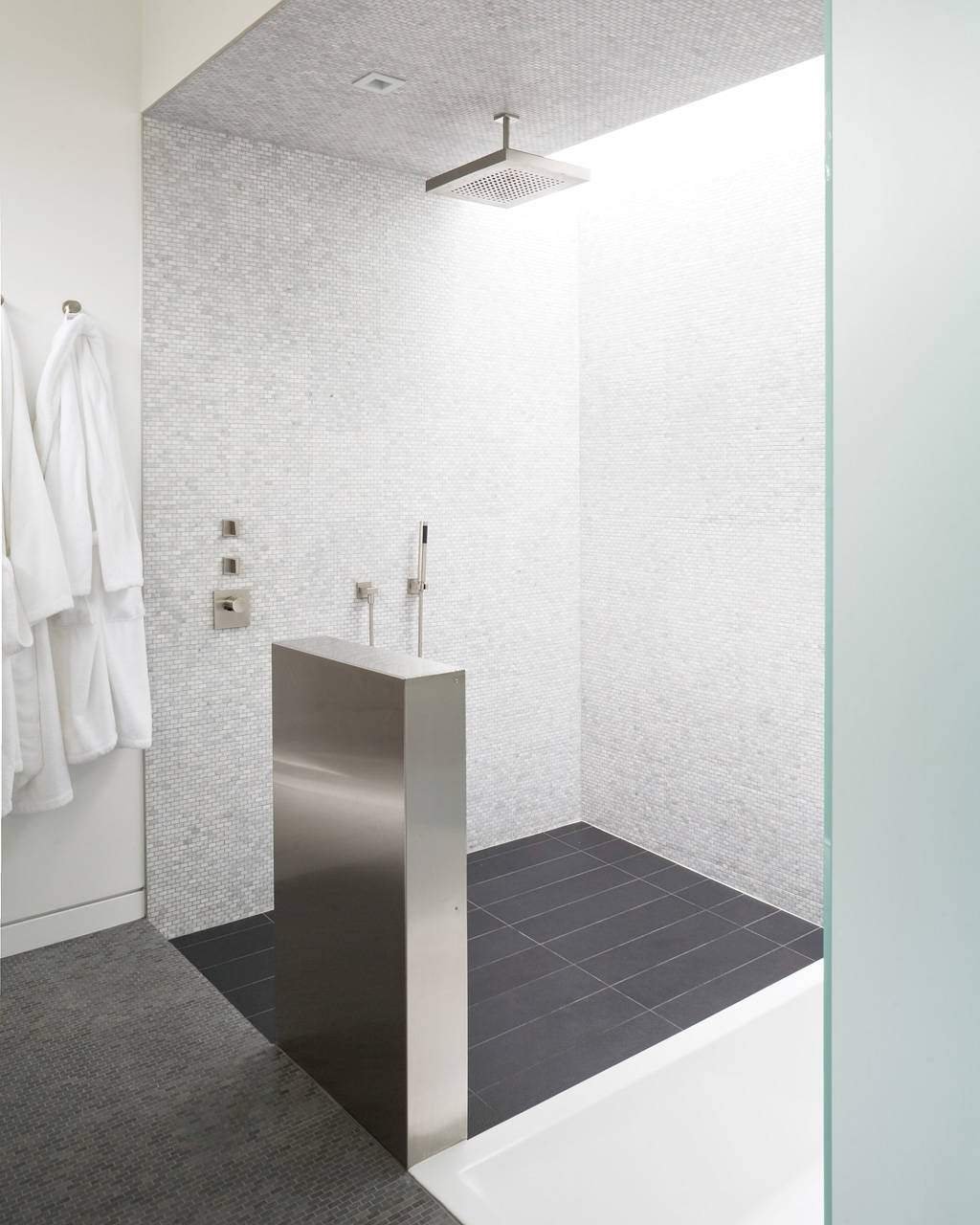 Design bagno moderno con pavimento, rivestimento e soffitto in mosaico - bordo vasca a filo pavimento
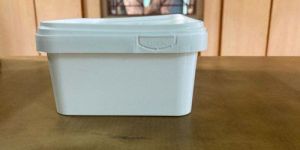 Plastic White Dates Container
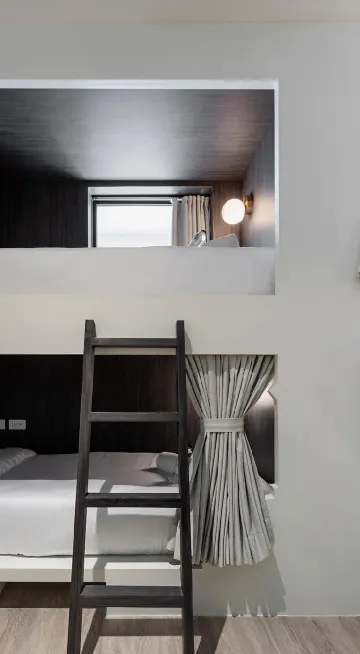 เตียงในหอพักรวมชายหญิง 8 เตียง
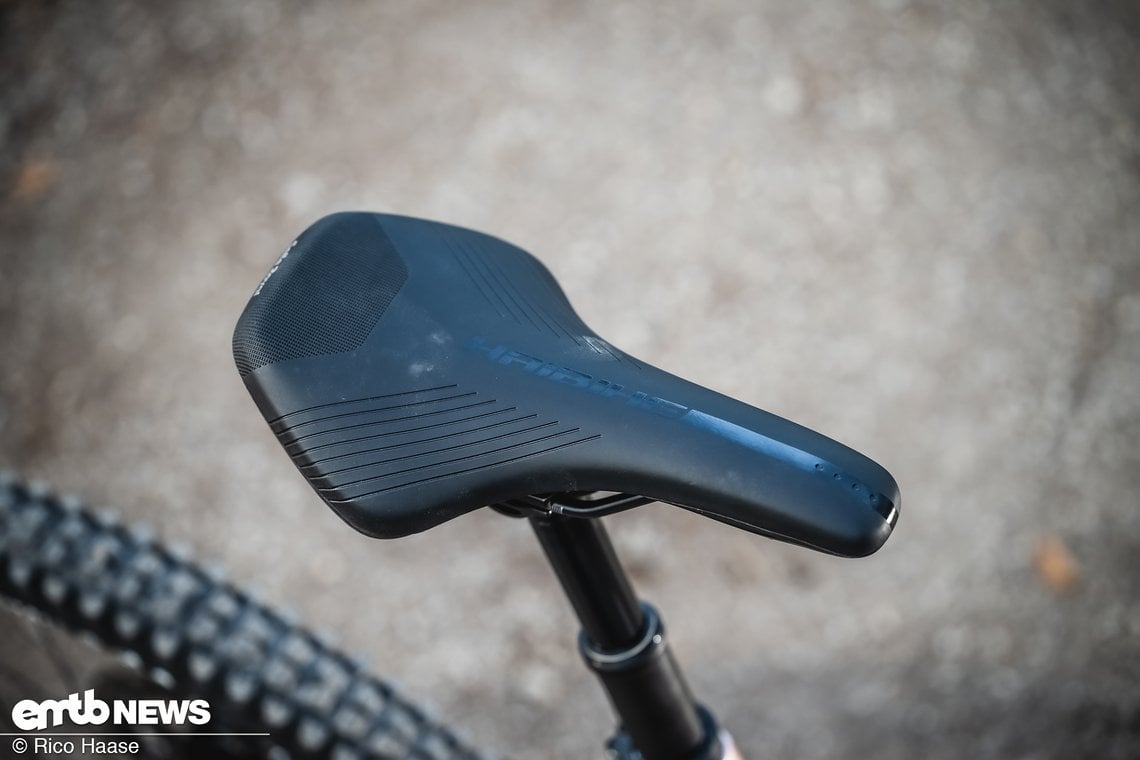 Der Haibike-Sattel hat einen hohen Sitzkomfort, aber die Stütze leider nur wenig Hub.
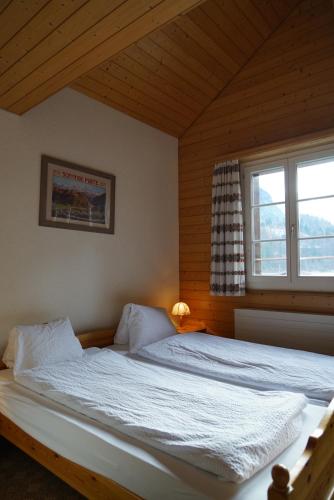Alpenrose Hotel & Gardens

**********

• _Exercise_:
The required output is an exact copy of the lines from the one with "Der Haibike-Sattel hat" through the final line of the data above, with pictures removed.

• _Worked solution_:
 Der Haibike-Sattel hat einen hohen Sitzkomfort, aber die Stütze leider nur wenig Hub.
Alpenrose Hotel & Gardens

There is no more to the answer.